<blockquote>Biological Effects Occurred in Sample Irrespective of Listener’s Ethnicity, Personal Beliefs<blockquote>
A pilot study released by the National Hispanic Media Coalition (“NHMC”) and the UCLA Chicano Studies Research Center (“CSRC”) found that listeners subjected to hate speech targeting vulnerable groups experienced an increase in the production of a stress-related hormone that could, over time, have a significant negative impact on the listener’s health. Findings suggest that increased production of this hormone occurs regardless of listeners’ race, ethnicity, nativity, or ideological alignment with the speaker, suggesting that hate speech may harm not only its targets, but all that hear it as well.
For the study, “Using Biological Markers To Measure Stress In Listeners Of Commercial Talk Radio,” researchers collected readings of various biological data (known as “biomarkers”) from live subjects before and after they listened to a 23-minute segment of The Savage Nation, a nationally-syndicated commercial talk radio show hosted by Michael Savage. The segment was chosen due to the prevalence of hate speech targeting vulnerable groups in the clip. After analyzing changes in the biomarkers, researchers observed a statistically significant correlation between changes in clinical anxiety and the production of salivary cortisol, a hormone that when chronically elevated could potentially influence the onset or development of pathophysiological processes or diseases such as cancer or chronic inflammatory diseases. The report recommends further research with a larger sample size and a control group.

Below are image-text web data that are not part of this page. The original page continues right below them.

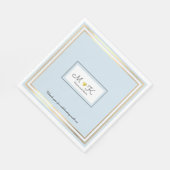 Serviette En Papier mariage élégant réception bleu pâle (Coin)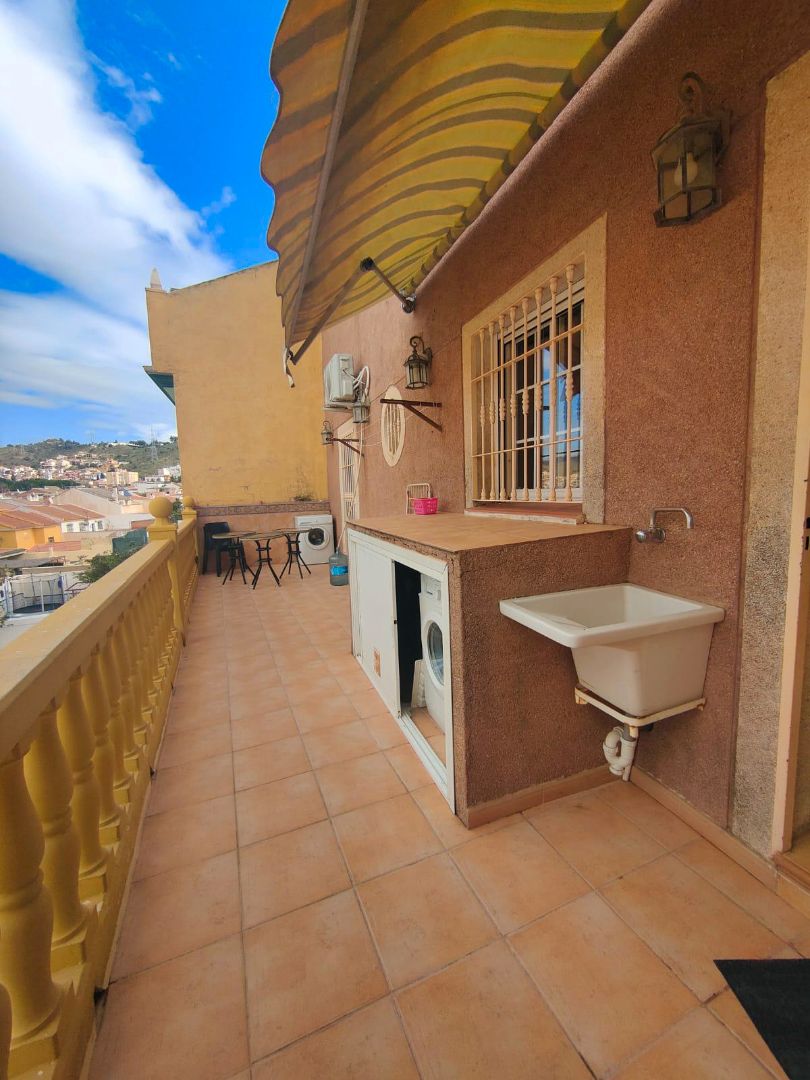 Terrassa de Casa o xalet en venda en Málaga Capital amb Aire condicionat, Calefacció i Jardí privat
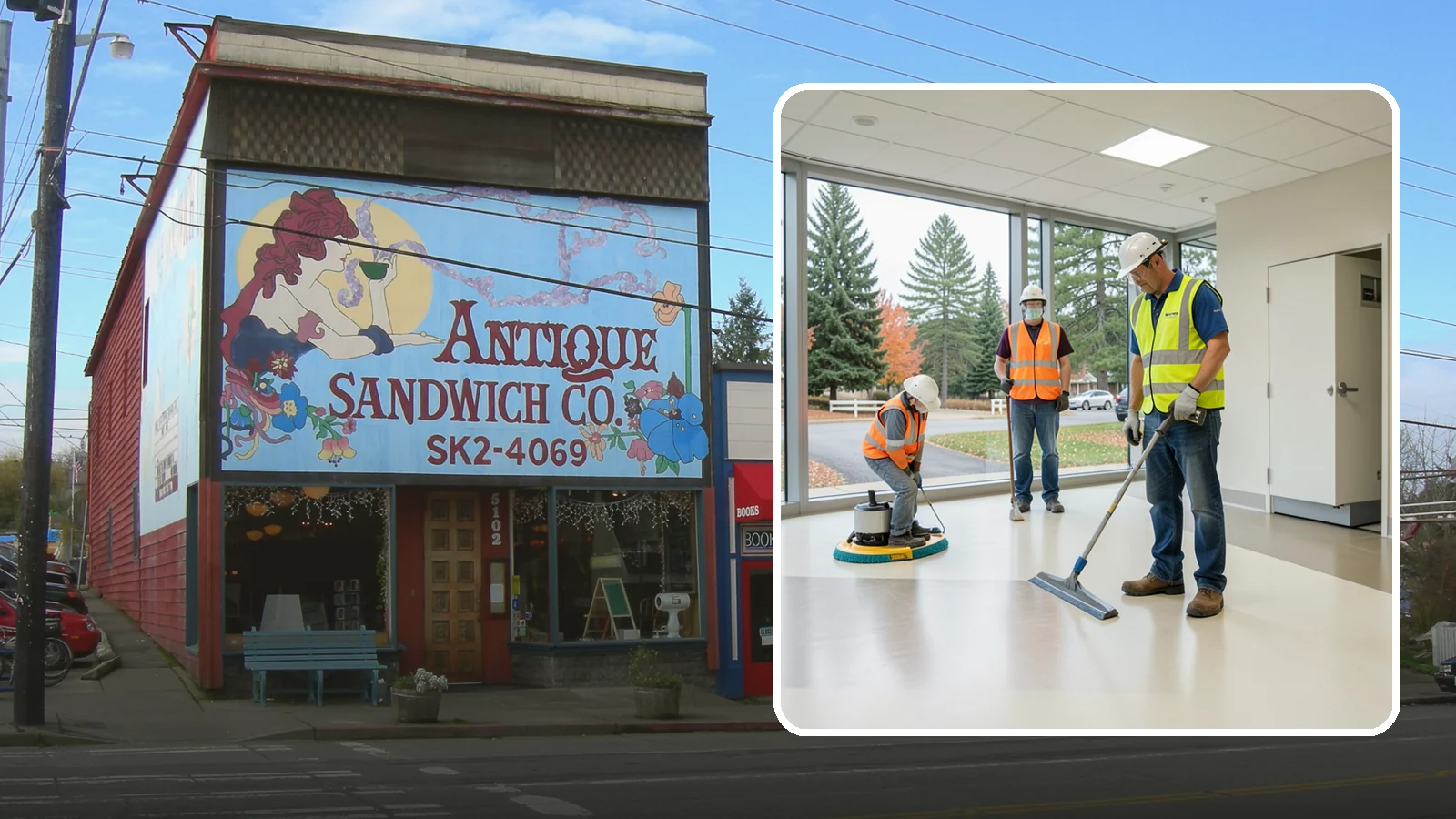 Floor Care & Refinishing in Ruston, Pierce County, WA - Restore and protect hard and resilient floors in public buildings with professional stripping, refinishing, and care.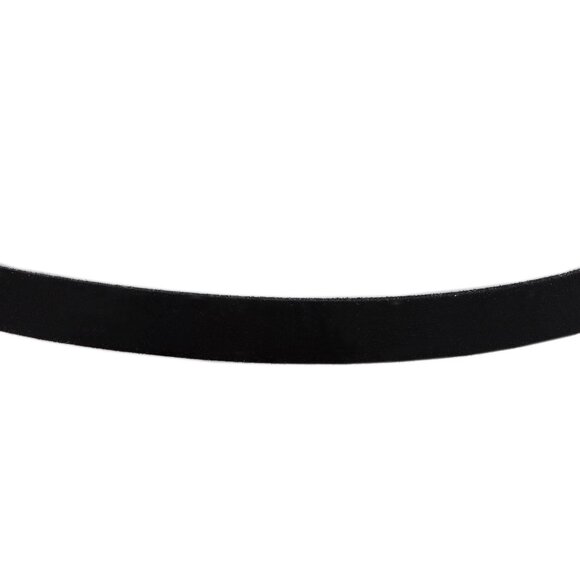 Black Choker Adjustable 12.5' - 15' inch Classic Trendy Choker  #2 - Picture 12 of 12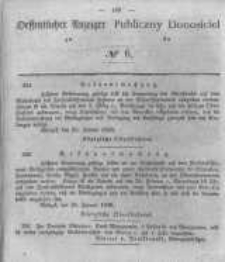 Oeffentlicher Anzeiger zum Amtsblatt No.6 der Königl. Preuss. Regierung zu Bromberg. 1848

“The findings that we release today reinforce something that we have known all along - that hate speech can be harmful to the people that listen to it. While the impact of hate speech against targeted groups, such as Latinos, has always been easy to imagine, this study demonstrates that the harm is not isolated to targeted groups and that it could, in fact, even harm the physical health of those that are ideologically aligned with the haters. For years people have told us to just turn the channel if we don’t like what we’re hearing, but today we are reminded why that measure is wholly inadequate,” said Alex Nogales, NHMC’s President & CEO.
The study was conducted by researchers at the UCLA Chicano Studies Research Center with support from the National Hispanic Media Coalition through a grant from the W.K. Kellogg Foundation.